**TRY IT**
Once the line holding "The Interventional Cardiac" is found in the entries below, transcribe exactly every line up to and including the one holding "Calico (Nintendo Switch)", but leave out the pictures.

**SUPPLIED DATA**
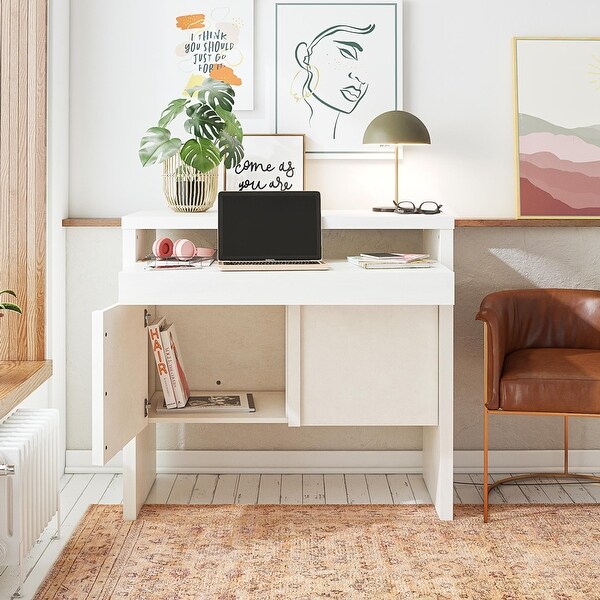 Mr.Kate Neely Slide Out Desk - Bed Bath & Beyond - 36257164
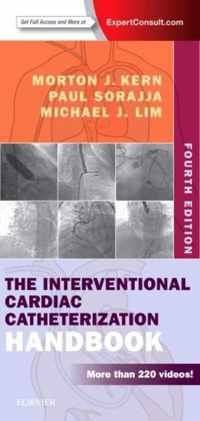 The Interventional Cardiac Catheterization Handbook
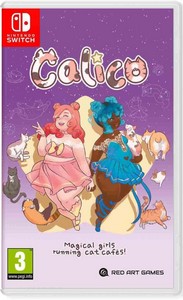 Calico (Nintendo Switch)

---

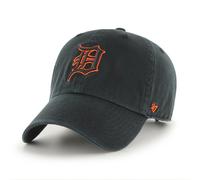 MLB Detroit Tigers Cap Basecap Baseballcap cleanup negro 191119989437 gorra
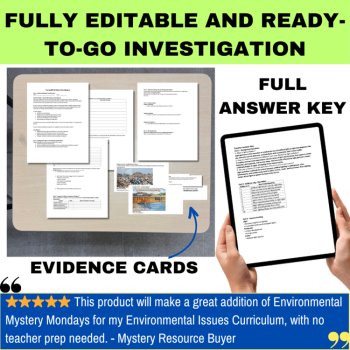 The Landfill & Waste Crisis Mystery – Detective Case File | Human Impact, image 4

**OUTPUT FOR THIS TASK**
 The Interventional Cardiac Catheterization Handbook
 Calico (Nintendo Switch)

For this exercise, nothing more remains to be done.